Humility isn’t insecurity. It’s just recognizing that if you step on the brakes or take your foot off the gas, there will always be other people who won't. Or there will be products that you'll end up responsible for that don't live up to your standards.
“I can tell who the 'mid-level' people are. They're always selling themselves. They want to make sure that I know all the things they're working on and how hard they're working. The top PMs understand if your team is bad, you're bad. When things go well, you want a PM who gets out of the way and points to everyone else. Not everyone is capable of this,” says Patterson.
Like Grant, Patterson also recommends paying attention to the words a candidate uses. “People can't help it. I'll actually start to count the number of times they say 'I' and 'me' or 'we', 'my team' and 'us.' I've been in interviews where someone says 'I' 50 times — 'I did this, I did that.' They came from a big company. There's no way they did all of that alone.”

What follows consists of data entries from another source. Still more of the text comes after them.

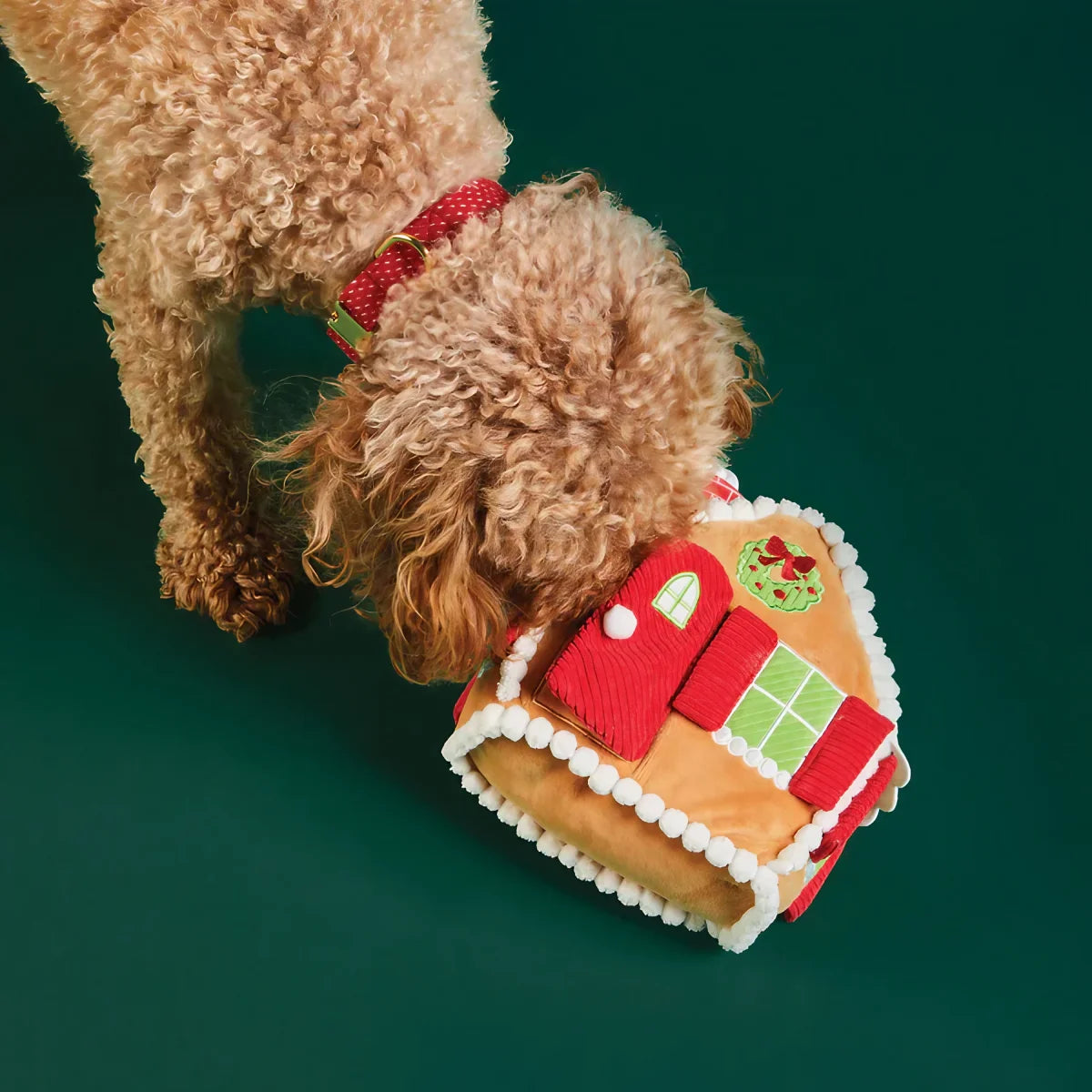 un chien renifle son jeu de fouille maison en pain d'épices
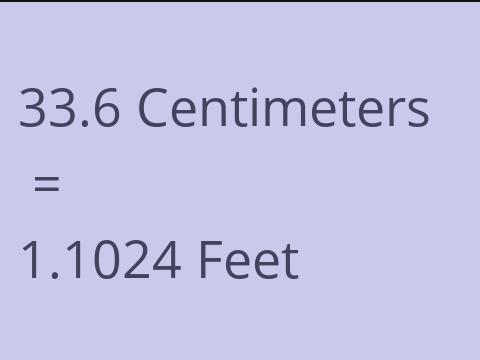 33.6 CM TO FEET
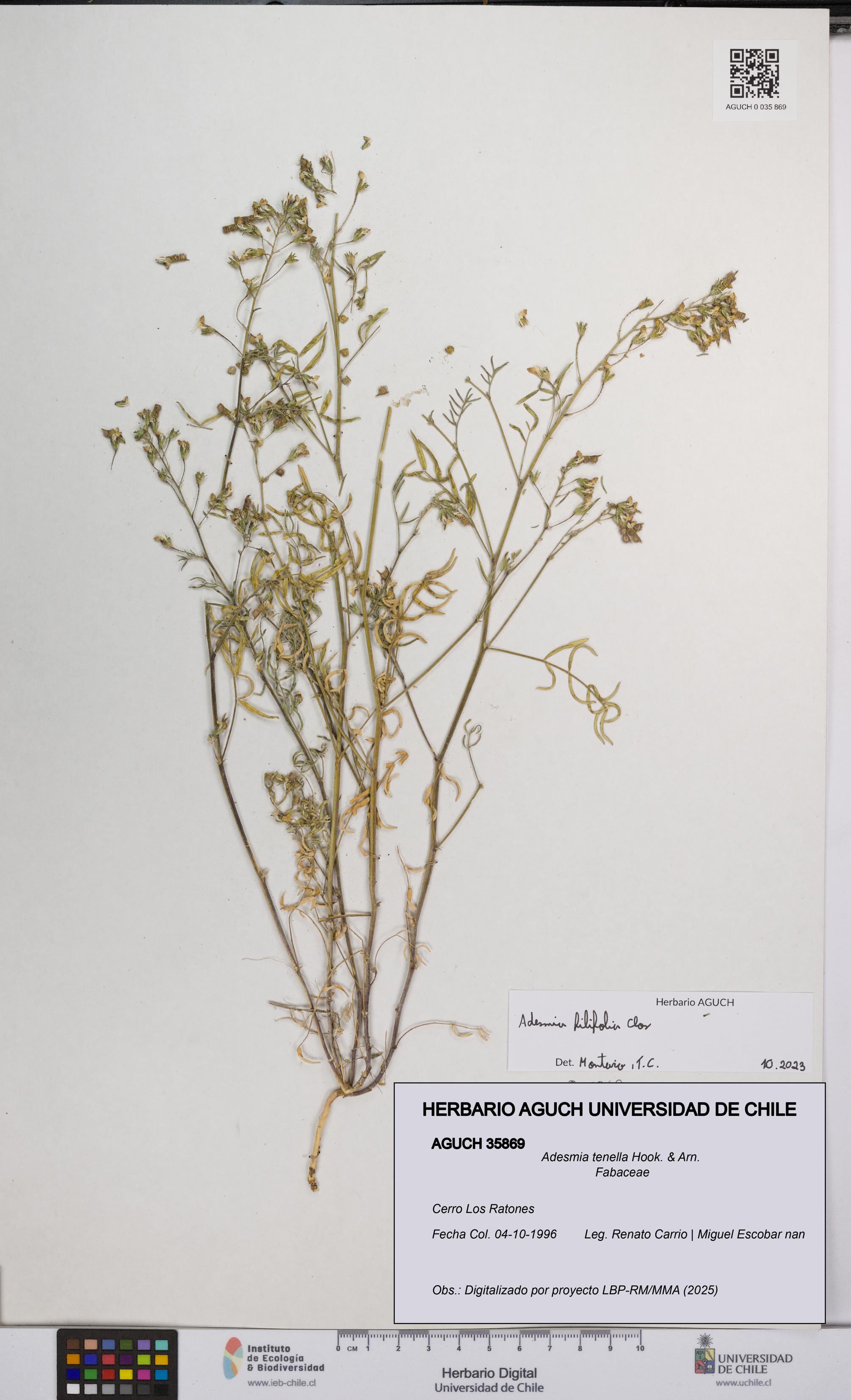 Adesmia tenella [Espécimen: UCH:AGUCH:0035869]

TO SEE HOW A CANDIDATE MIGHT GET THE JOB DONE, FIGURE OUT IF THEY:
7. Look for ways to improve processes and reduce administrative burdens.
Shopify’s Farhan Thawar has a slew of must-have attributes and insightful interview questions for you to consult when you’re specifically hiring a VP of Engineering. But many of them cut across functions and apply to leaders of all stripes.

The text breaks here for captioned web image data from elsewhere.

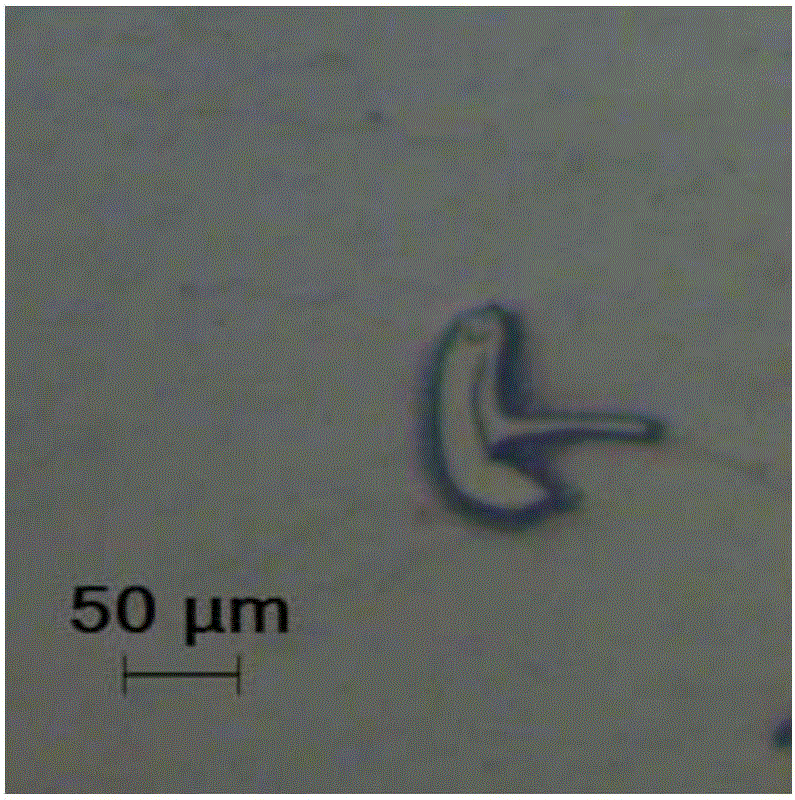 Enterobacter strain capable of dissolving phosphorus and application of enterobacter strain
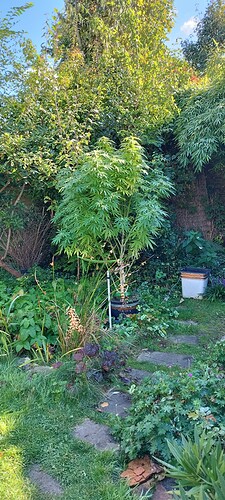 Growreport Bild 15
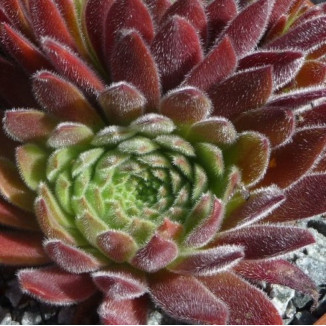 Sempervivum Spice Rojnik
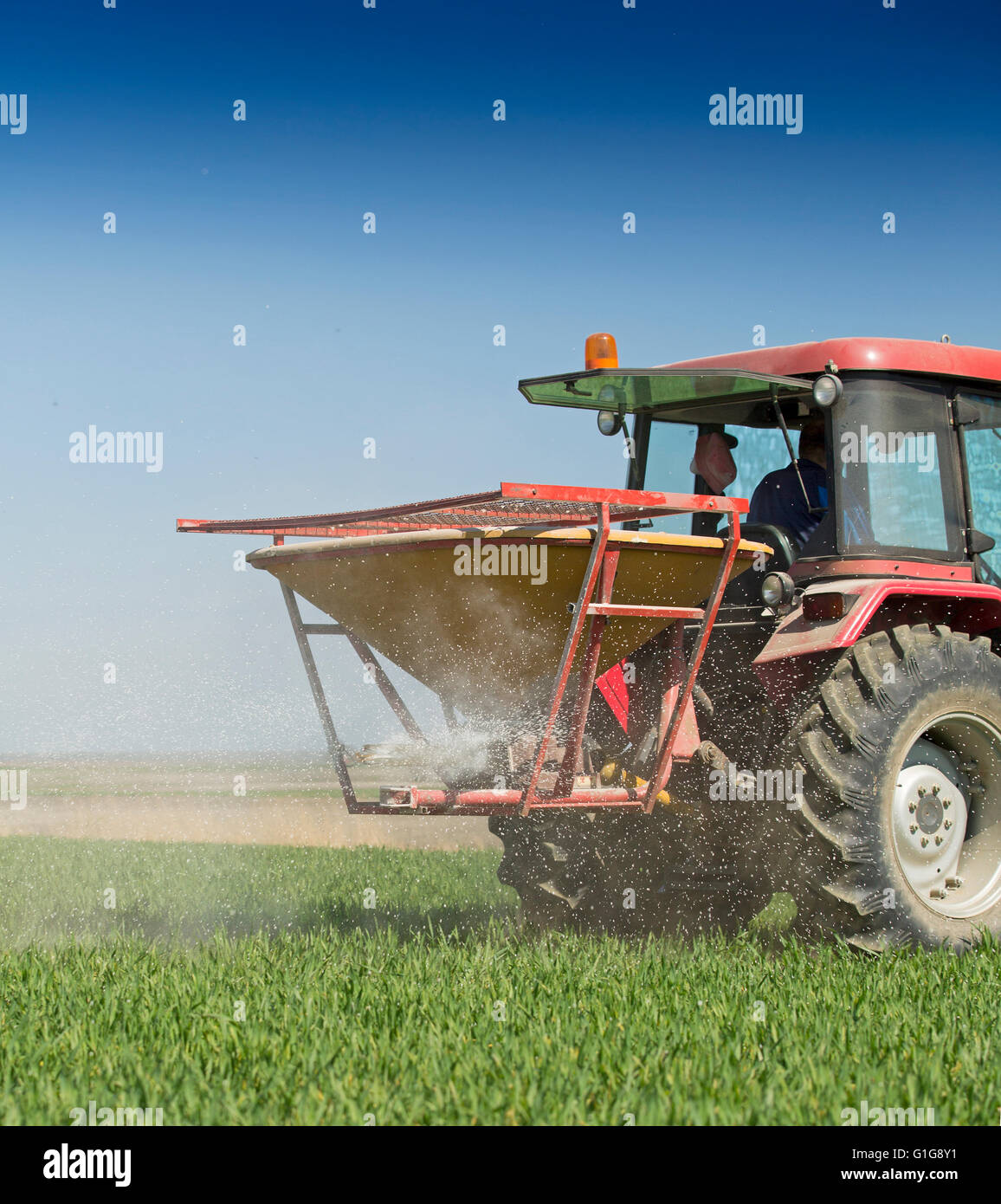 Farmer fertilizing wheat field with nitrogen, phosphorus, potassium fertilizer Stock Photo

He recommends starting by assessing a candidate’s optimization skills and their favored processes. “This doesn’t necessarily mean they will force this process onto your company (well, maybe), but it’s good to have strong opinions and their own toolbox of process techniques to try out,” Thawar says. “A strong leader must know whether to experiment with ideas like pair programming, daily standups, remote work, flex time, weekly retrospectives, frequent one-on-one’s, quarterly themes, and so on.”

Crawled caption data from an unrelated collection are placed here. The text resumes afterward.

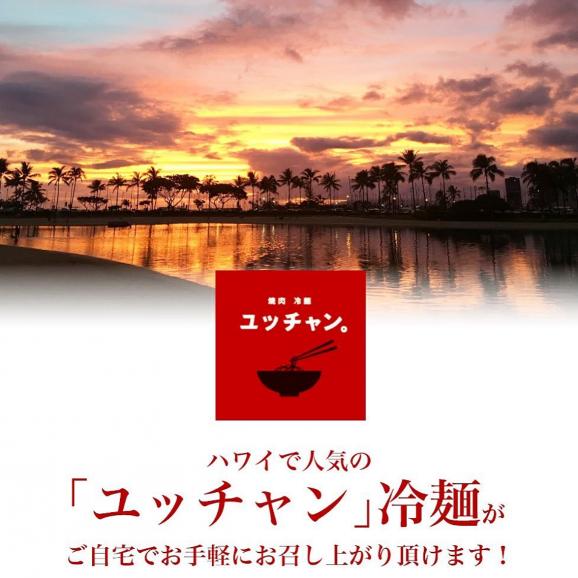 日本限定！ハワイで人気のユッチャンオリジナルカレー03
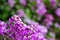 Purple Alyssum. Lobularia Maritima.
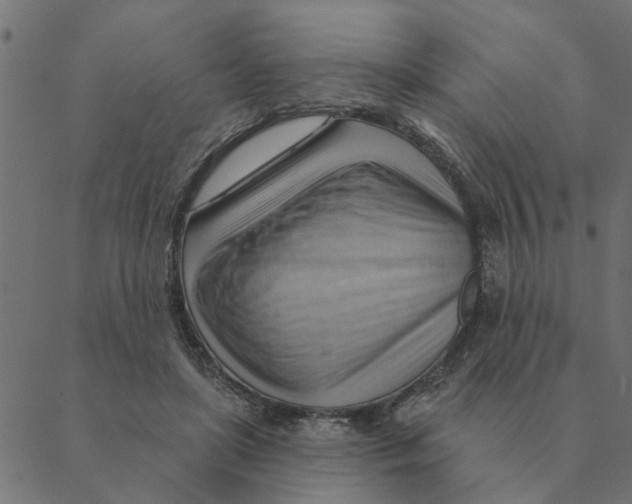 X0000088410451200706191426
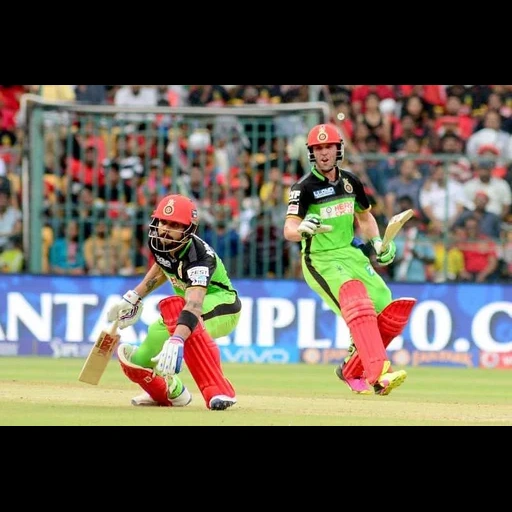 grillo, mejor cricket, copa mundial, copa mundial de cryakita, estudio de transmisión crítica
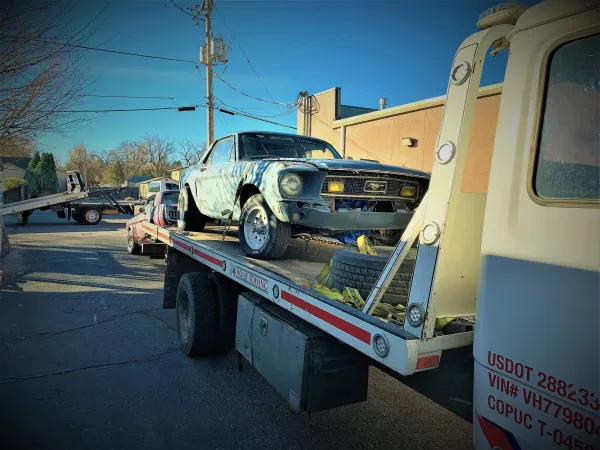 Blackcatbob Towing & Recovery LLC - photo 3
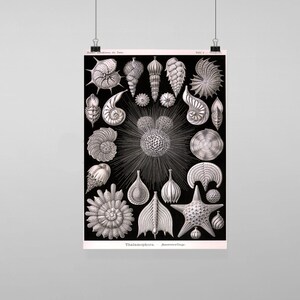 Puede incluir: Una ilustración vintage en blanco y negro de Thalassiophora, un tipo de organismo marino. La ilustración muestra varias formas y formas del organismo, incluyendo formas de estrella, redondas y en espiral. El texto "Thalassiophora.  Foraminifere." está en la parte inferior de la imagen.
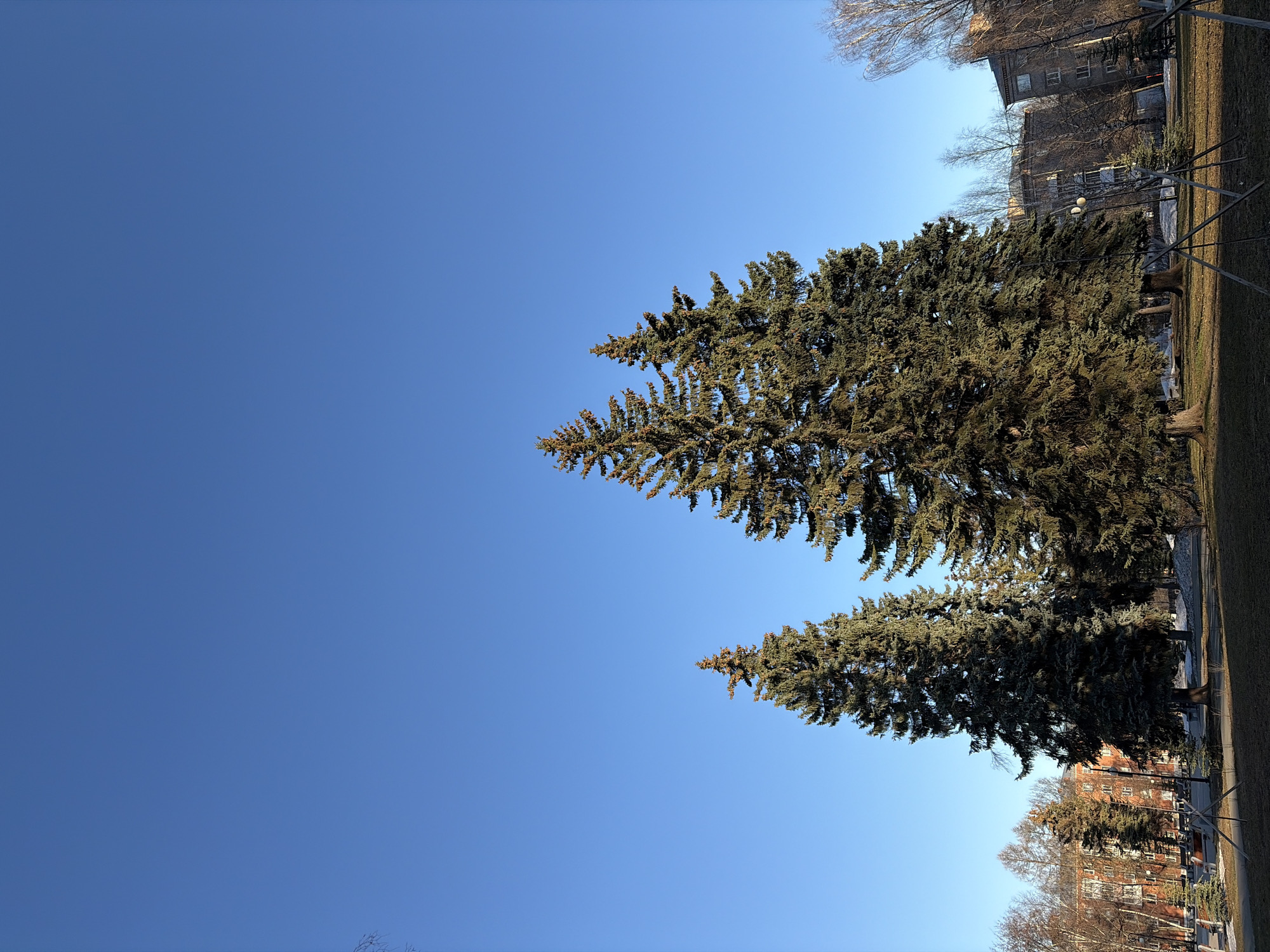 The image shows a clear blue sky above two large evergreen trees. Buildings are visible in the background, and the trees appear to be located in a park or green space. Based on the available information, it's not possible to confirm the exact location of the image within the city of Izhevsk, Russia.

Good process is like a traffic light. It may slow down the commute for a single driver, but it optimizes the system for everyone on the road.
Reducing admin burden is also critical. “Leaders also need tools for winning and keeping trust. Back in 1968, The Harvard Business Review (HBR) published a seminal article on how to motivate employees. Many of the lessons still resonate today. The most notable finding is that employees can become greatly dissatisfied based on company policy and how it’s administered. Good leaders must reduce this dissatisfaction, and it’s an especially urgent need in engineering,” says Thawar.
To surface strong experimenters and unblockers, he suggests asking these questions in your interviews (tweaking to your own function, of course):
Describe the development process at your last company. What would you try again and why? What would you not try again and why not?
What have you changed your mind about when it comes to the development process or engineering team practices?
Describe a shitty system at your last company. What did you do about it?
On larger teams, how do you get a sense of what’s working and not working?
8. Challenge the defaults.
Adam Grant recommends looking for similar traits in a candidate, albeit he frames it a bit differently.
He advises scouting for “originals”, the non-conformists who help propel a company to success. He specifically advises asking these questions to find IC-level candidates who challenge the defaults:
How would you improve our interview process? “It's an opportunity to see if they’re willing to speak up. It's also a window into their thinking process. When they encounter something that they don't like, do they have the instinct not only to raise why it may be broken but also suggest how it can be better?” asks Grant. “It's a chance to learn about their tendency to share opinions that might be unpopular but beneficial. It gives you a little bit of perspective on their ability and inclination to improve their environment.”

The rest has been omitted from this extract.